The Theorem and Its Proof

Setup and Statement

Let us consider a static Hamiltonian \(\hat{H}\) defined on a d-dimensional lattice \(\Lambda \) that is a finite subset of \(\mathbb {Z}^d\). We assume that the Hamiltonian \(\hat{H}\) is written as a sum of local bounded Hamiltonians:

$$\begin{aligned} \hat{H}=\sum _{\mathbf {x}\in \Lambda }\hat{h}_{\mathbf {x}}. \end{aligned}$$

More precisely, we assume that the support of the local Hamiltonian \(\hat{h}_{\mathbf {x}}\) is limited to a finite range \(R_h\) from \(\mathbf {x}\in \Lambda \) and that the operator normFootnote 1 of \(\hat{h}_{\mathbf {x}}\) is bounded by a constant \(N_h\). Both \(R_h\) and \(N_h\) are independent of the position \(\mathbf {x}\in \Lambda \) or the system size \(|\Lambda |\). This setting includes a wide variety of quantum spin systems, fermion systems, and “hard-core” boson systems Footnote 2.

Similarly, we consider observables (not necessarily Hermitian) \(\hat{A}\) and \(\hat{B}\) written as a sum of local observables:

$$\begin{aligned} \hat{A}:=\frac{1}{|\Lambda |}\sum _{\mathbf {x}\in \Lambda } \hat{a}_{\mathbf {x}},\quad \hat{B}:=\frac{1}{|\Lambda |}\sum _{\mathbf {x}\in \Lambda } \hat{b}_{\mathbf {x}}. \end{aligned}$$

The support of \(\hat{a}_{\mathbf {x}}\) and \(\hat{b}_{\mathbf {x}}\) (\(\mathbf {x}\in \Lambda \)) are within a finite range \(R_a\), \(R_b\) from \(\mathbf {x}\) and their operator norm is bounded by constants \(N_a\), \(N_b\), respectively. All of these constants are independent of \(\mathbf {x}\) or \(|\Lambda |\).

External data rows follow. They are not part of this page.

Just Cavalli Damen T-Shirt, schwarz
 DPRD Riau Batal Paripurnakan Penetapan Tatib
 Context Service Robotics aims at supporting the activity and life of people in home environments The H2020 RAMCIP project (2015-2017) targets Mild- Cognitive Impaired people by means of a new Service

We introduce the time evolution of operators for \(t\in \mathbb {R}\) by

$$\begin{aligned} \hat{A}(t):=e^{i\hat{H} t}\hat{A}e^{-i\hat{H} t}. \end{aligned}$$

Our interest is in the time-dependence of the correlation function

$$\begin{aligned} \langle \hat{A}(t)\hat{B}\rangle :=\mathrm{Tr}\left( \hat{A}(t)\hat{B}\hat{\rho }\right) . \end{aligned}$$

Here \(\hat{\rho }\) is the Gibbs state

$$\begin{aligned} \hat{\rho }:=\frac{1}{Z}e^{-\beta \hat{H}} \end{aligned}$$

at the inverse temperature \(\beta \) and \(Z:=\mathrm{Tr}\,e^{-\beta \hat{H}}\) is the partition function. Our claim is that \(\langle \hat{A}(t)\hat{B}\rangle \) is independent of t in the thermodynamic limit \(|\Lambda |\rightarrow +\infty \) [4], i.e.,

$$\begin{aligned} \lim _{|\Lambda |\rightarrow \infty }\left| \langle \hat{A}(t)\hat{B}\rangle -\langle \hat{A}\hat{B}\rangle \right| =0. \end{aligned}$$

Proof for \(\beta >0\)


To prove Eq. (6), it is sufficient to treat the special case \(\hat{B}=\hat{A}^\dagger \):

$$\begin{aligned} \lim _{|\Lambda |\rightarrow \infty }\left| \langle \hat{A}(t)\hat{A}^\dagger \rangle -\langle \hat{A}\hat{A}^\dagger \rangle \right| =0. \end{aligned}$$

This is because \(\langle \hat{A}(t)\hat{B}\rangle \) can be rewritten as

$$\begin{aligned} \langle \hat{A}(t)\hat{B}\rangle&= \frac{1}{2}\Big \langle \big (\hat{A}(t)+\hat{B}^\dagger (t)\big )\big (\hat{A}+\hat{B}^\dagger \big )^\dagger \Big \rangle +\frac{i}{2}\Big \langle \big (\hat{A}(t)+i\hat{B}(t)^\dagger \big )\big (\hat{A}+i\hat{B}^\dagger \big )^\dagger \Big \rangle \nonumber \\&\quad -\frac{1+i}{2}\langle \hat{A}(t)\hat{A}^\dagger \rangle -\frac{1+i}{2}\langle \hat{B}^\dagger (t)\hat{B}\rangle . \end{aligned}$$

Once Eq. (7) is established, it applies to all four correlation functions in the right-hand side and we obtain Eq. (6).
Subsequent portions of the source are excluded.